ANTÓNIO PEDRO
(Cabo Verde, 1909 – Portugal, 1966)
Escritor,
actor, poeta, artista plástico, encenador
***
Duzentos e cinquenta
séculos antes da nossa era, pelo menos, mirou um artista, pela primeira vez, o
branco de uma parede e construiu nela, por suas mãos, servindo-se de incisões e
de tintas, as personagens de um mundo afim do mundo real que o circundava,
semelhantes a elas pelo contorno e pelas formas, mas cujo nascimento,
existência e atitudes forçavam as leis da Natureza, dependendo apenas da sua
vontade e do seu gosto. Era a descoberta da pintura.
Os povos pré-históricos
viviam quase exclusivamente da caça. Os rebanhos das renas e bisontes, o seu
número e prolificidade, constituíam, por certo, para eles, preocupação
primeira. Ferir o macho e caçá-lo, saber a fêmea filhada a garantir, por
compensação, a continuação da espécie indispensável, eram necessidades
obsessivas.
O pintor funcionava, então, como uma espécie de mago. No mistério
profundo das cavernas, algumas com mais de oitocentos metros, desenhava a rena
ferida ou a cópula dos bisontes. O simples facto de os pintar, garantia sobre
eles o seu domínio.
Com ocres vermelho e amarelo retoca a chaga da flecha ou
modelava melhor o contorno de um volume. O que se passava ali, por sua vontade,
representando-se na parede, havia por certo de reproduzir-se na realidade.

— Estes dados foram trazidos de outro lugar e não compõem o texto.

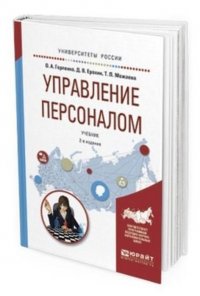 Управление персоналом. Учебник для академического бакалавриата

O que Freud designa pela omnipotência das ideias, comum às
crianças e aos povos primitivos, levou estes a forçar a Natureza pela
realização da obra de arte. Não era a Natureza que a sugestionava, era ela que tinha
de sugestionar a Natureza, compelindo-a a uma imitação do imaginado.
Obra
de arte? A expressão parece precoce. O conceito que temos de obra
de arte envolve a noção duma realização voluntariamente oferecida a um espectador
sensível. A arte mágica do artista do quaternário destinava-se a outras finalidades,
e escondia-se, tabu, da vista dos profanos. Mas, para o acto mágico, para que ele
fosse possível, bastaria a garatuja convencional do objecto ambicionado.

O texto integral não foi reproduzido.